_WORK TO BE COMPLETED_
From the first line to the last, output the data exactly as it stands, minus its pictures.

_RECORDED INFORMATION_

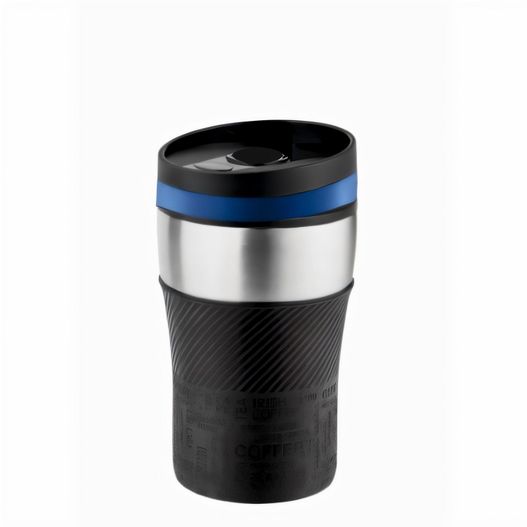 ein reisebecher mit blauem deckel Thermobecher "CremaOfficina" (Bild 1)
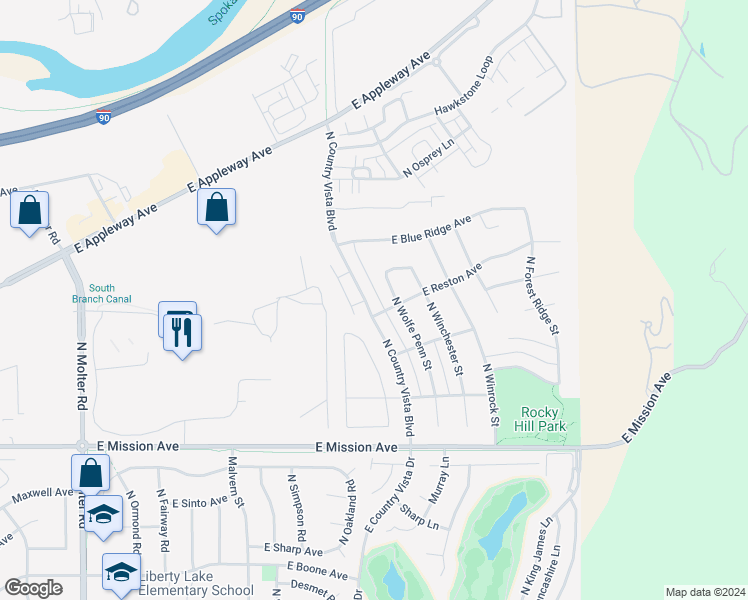 map of restaurants, bars, coffee shops, grocery stores, and more near 2130 North Country Vista Boulevard in Liberty Lake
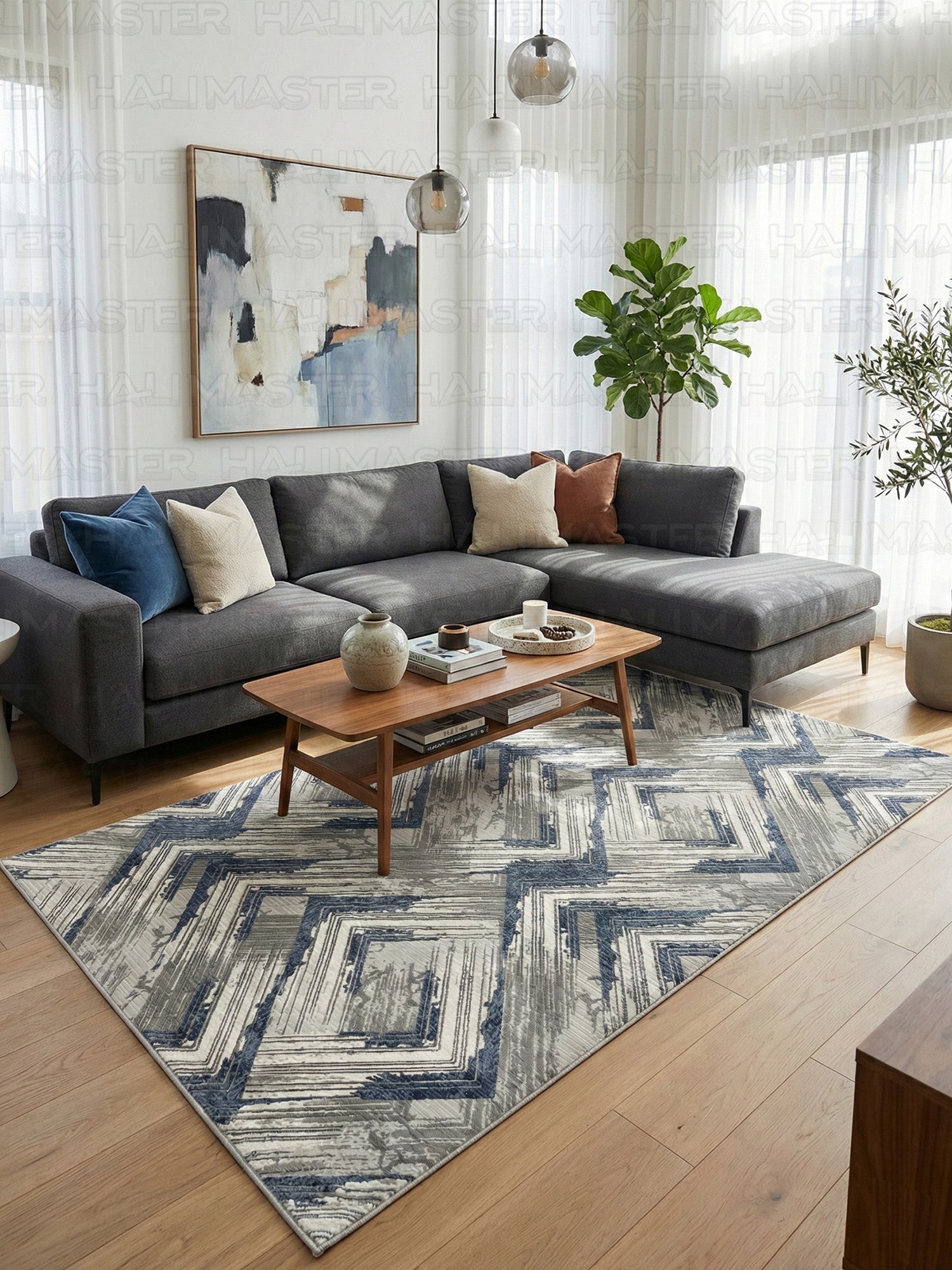 Jel Modern Gri Çizgili Özel Ölçü Kesme Yolluk - Kaymaz Tabanlı Halı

_EXPECTED ANSWER_
 ein reisebecher mit blauem deckel Thermobecher "CremaOfficina" (Bild 1)
 map of restaurants, bars, coffee shops, grocery stores, and more near 2130 North Country Vista Boulevard in Liberty Lake
 Jel Modern Gri Çizgili Özel Ölçü Kesme Yolluk - Kaymaz Tabanlı Halı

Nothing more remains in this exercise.